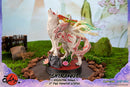 Okami PVC Statue Shiranui (Celestial Howl) 23 cm FIGURE PRE-ORDER 07-2022 (6670490861622)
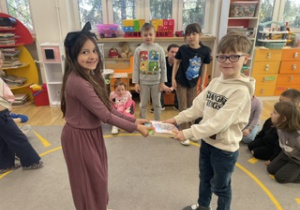 Eksperymenty z papierem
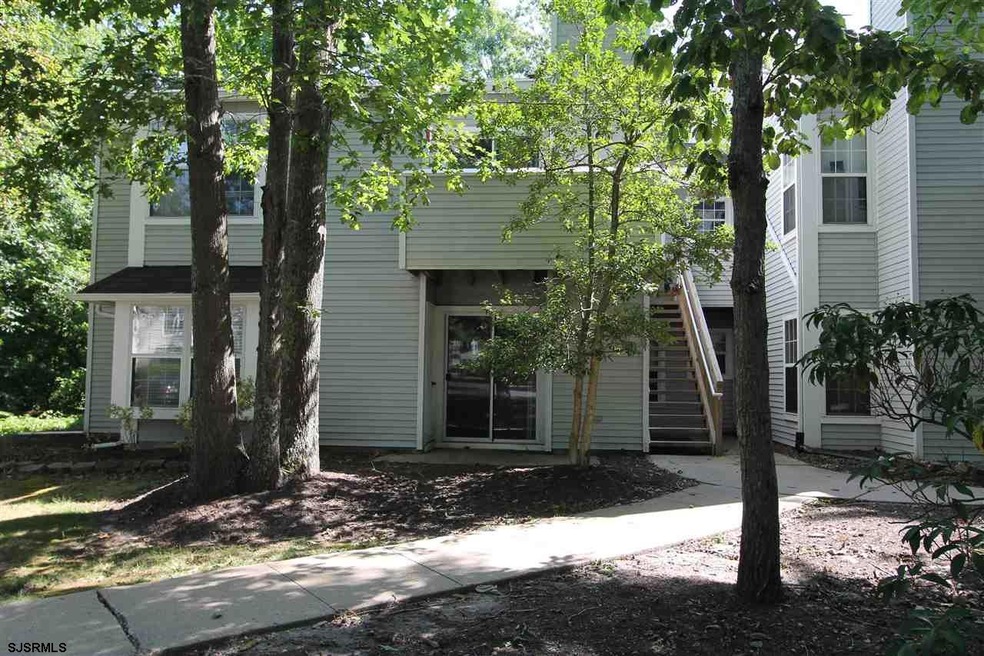 37 Pheasant Meadow Dr unit 3, Galloway, NJ 08205 - photo 1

***

In the answer, all of the material should appear exactly as given, with no picture carried over.

--- Answer to the problem ---
 Okami PVC Statue Shiranui (Celestial Howl) 23 cm FIGURE PRE-ORDER 07-2022 (6670490861622)
 Eksperymenty z papierem
 37 Pheasant Meadow Dr unit 3, Galloway, NJ 08205 - photo 1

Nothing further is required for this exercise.